What is expected ::
This calls for a word-for-word copy of all the data, with each picture removed.

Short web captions

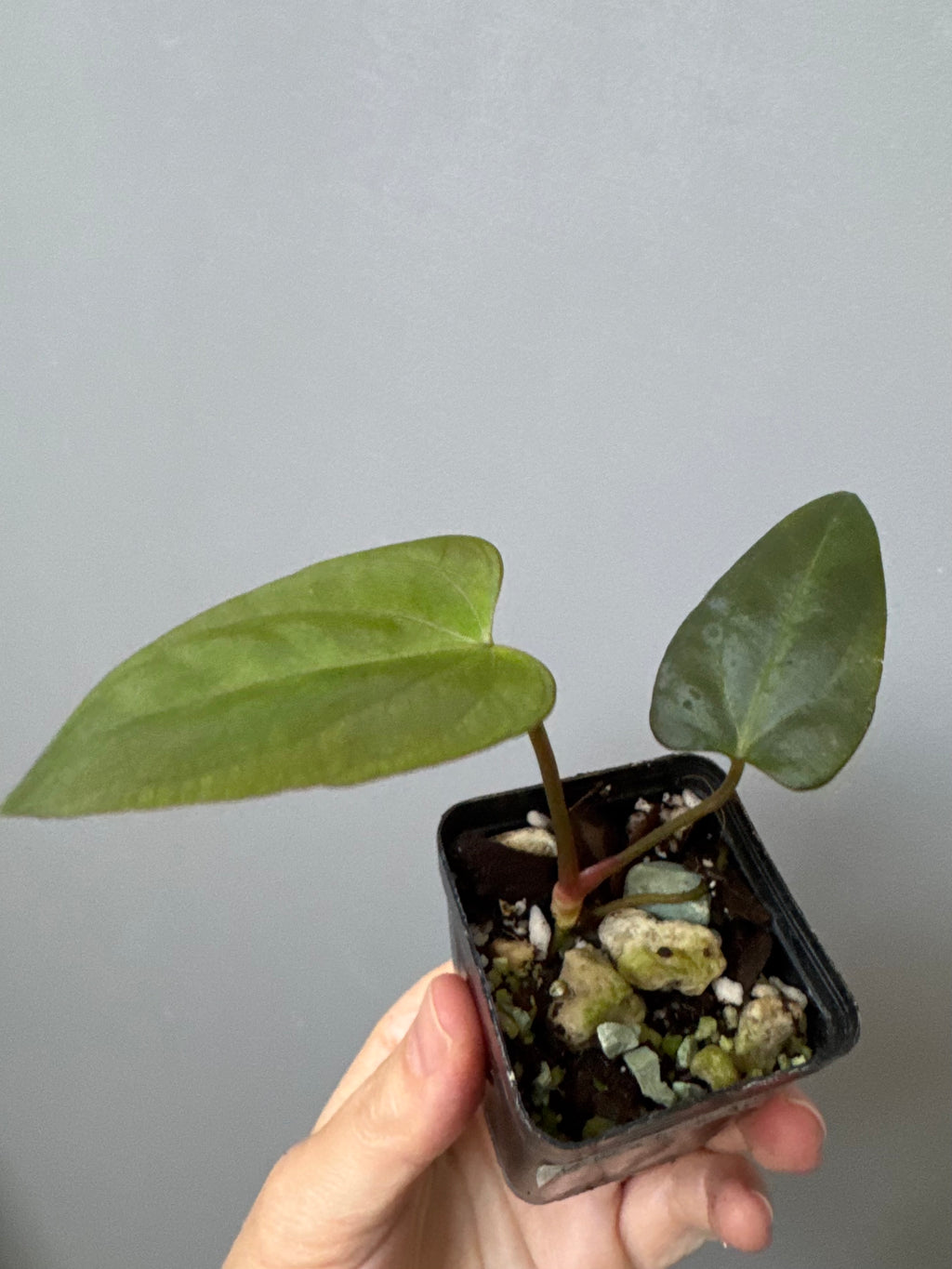 Anthurium Mr. Worldwide x (RG dress x Carla ‘Amanda’) (#2)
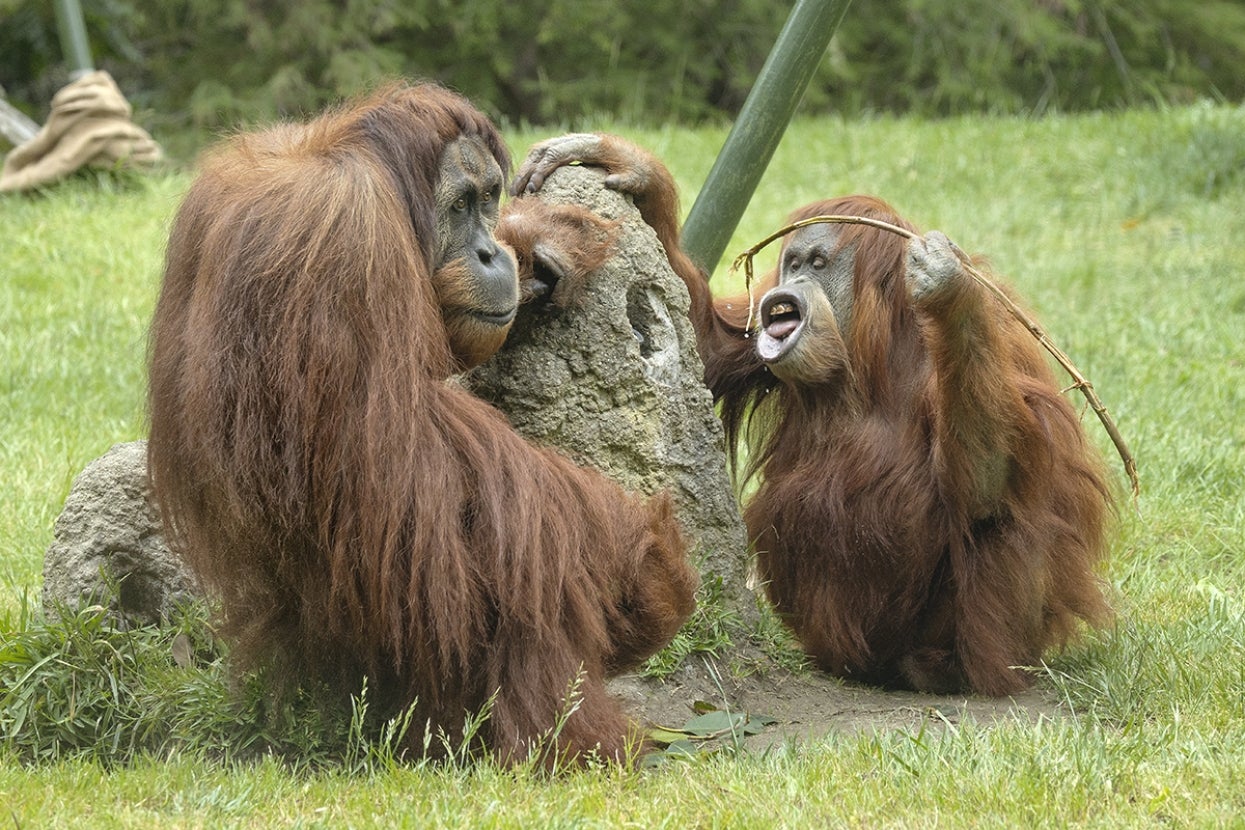 Labu and Karen orangutans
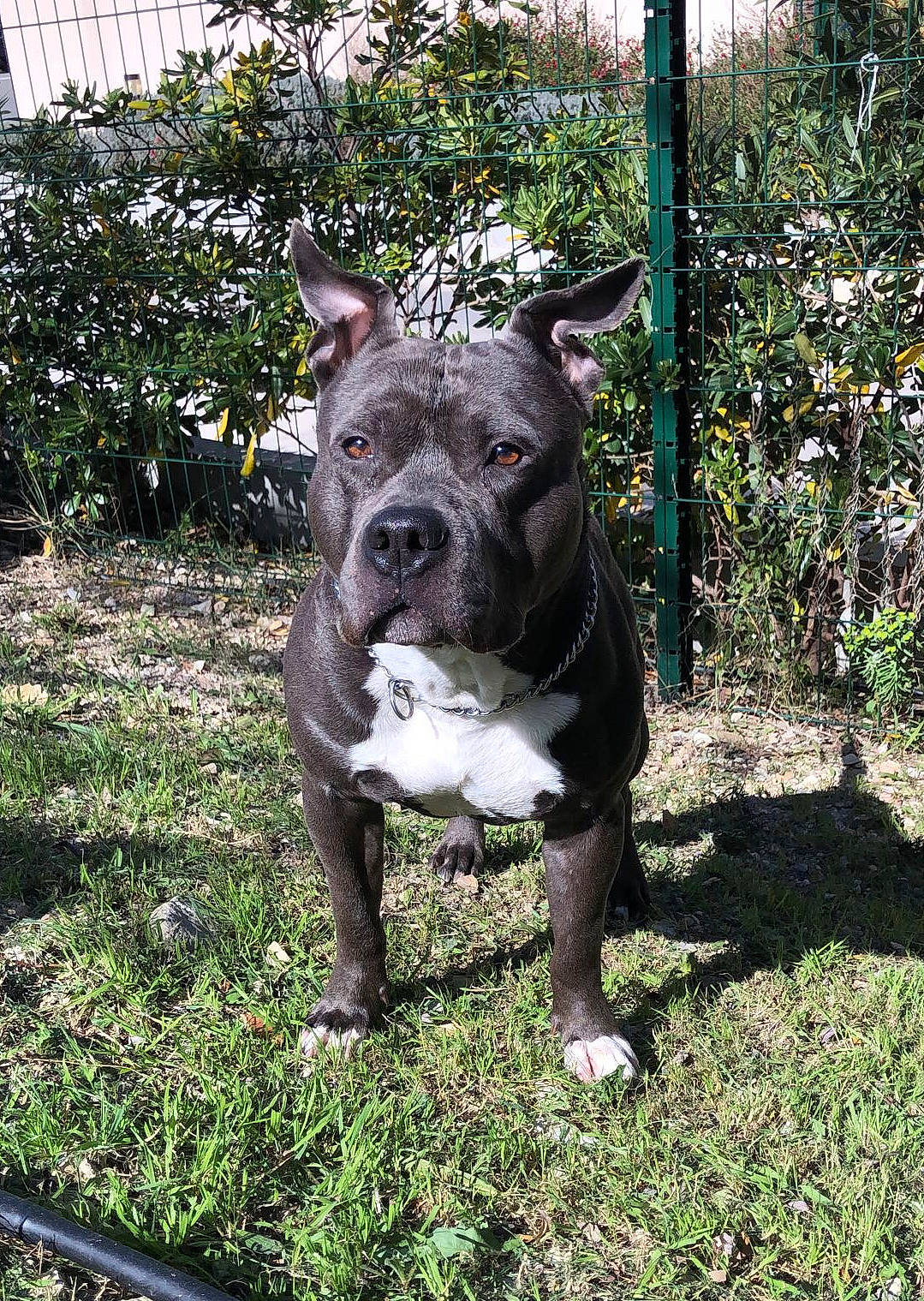 Kyser participe au concours pour gagner de l'argent avec cette photo : american_bulldog, american_pit_bull_terrier, american_staffordshire_terrier, bandog, bull_and_terrier, canidae, carnivore, dog, dog_breed, fawn, mammal, molosser, non_sporting_group, perro_de_presa_canario, pit_bull, rare_breed_dog, snout, staffordshire_bull_terrier, vertebrate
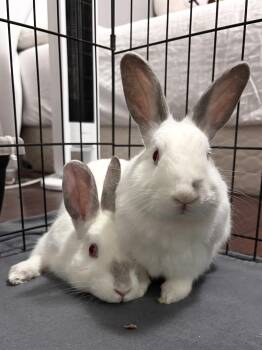 Jasmine & Tommy -  Himalayan Rabbit for Adoption in Los Angeles, California - Jasmine & Tommy | PetCurious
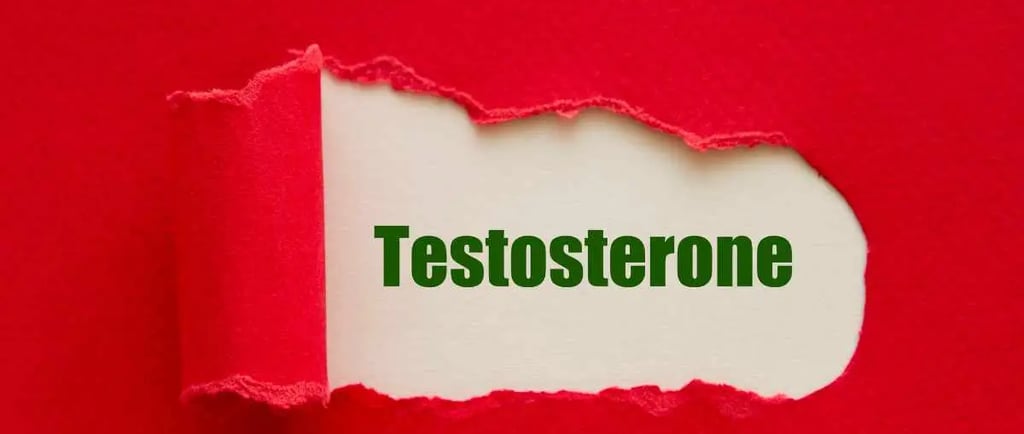 टेस्टोस्टेरोन क्या है?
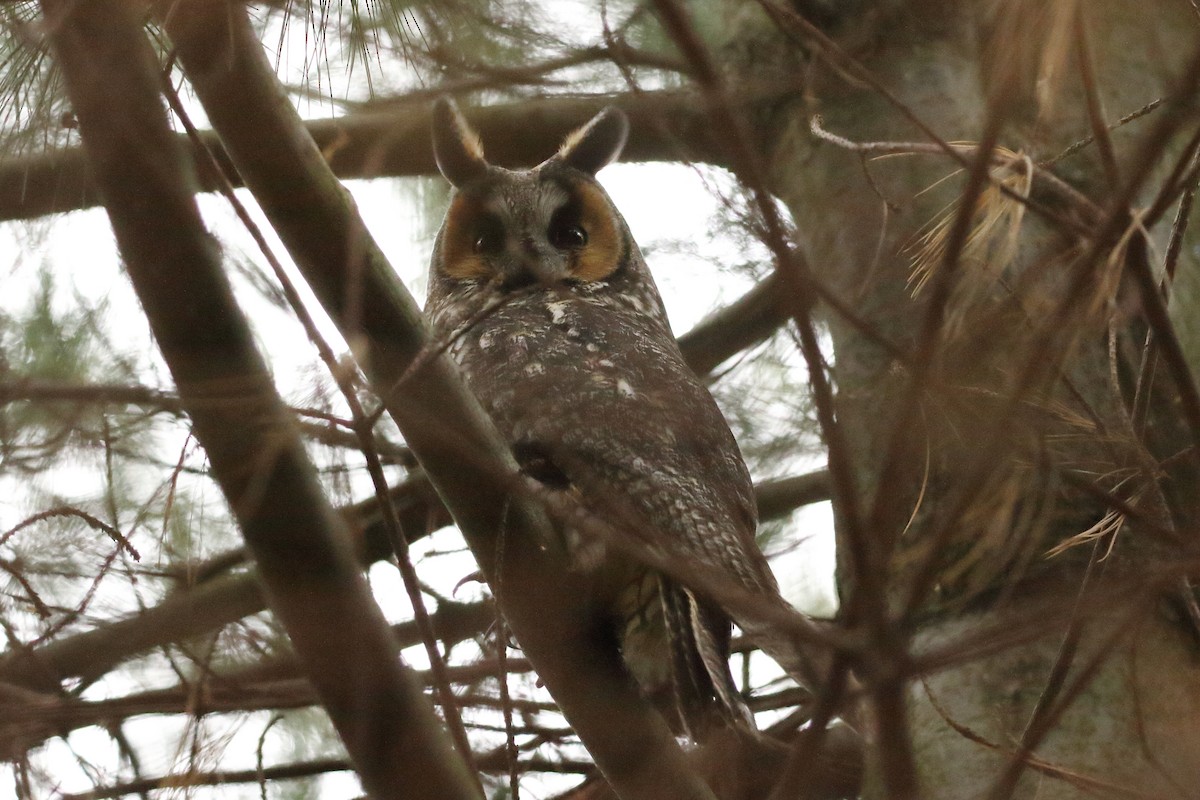 Long-eared Owl - ML280671301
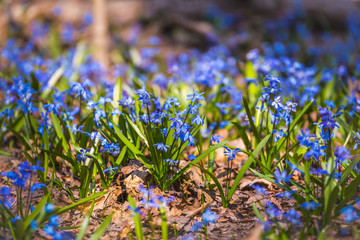 Close-up of tender flowers of blue spring scilla siberica on nature forest background, selective soft focus - obrazy, fototapety, plakaty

Answer section ::
 Anthurium Mr. Worldwide x (RG dress x Carla ‘Amanda’) (#2)
 Labu and Karen orangutans
 Kyser participe au concours pour gagner de l'argent avec cette photo : american_bulldog, american_pit_bull_terrier, american_staffordshire_terrier, bandog, bull_and_terrier, canidae, carnivore, dog, dog_breed, fawn, mammal, molosser, non_sporting_group, perro_de_presa_canario, pit_bull, rare_breed_dog, snout, staffordshire_bull_terrier, vertebrate
 Jasmine & Tommy -  Himalayan Rabbit for Adoption in Los Angeles, California - Jasmine & Tommy | PetCurious
 टेस्टोस्टेरोन क्या है?
 Long-eared Owl - ML280671301
 Close-up of tender flowers of blue spring scilla siberica on nature forest background, selective soft focus - obrazy, fototapety, plakaty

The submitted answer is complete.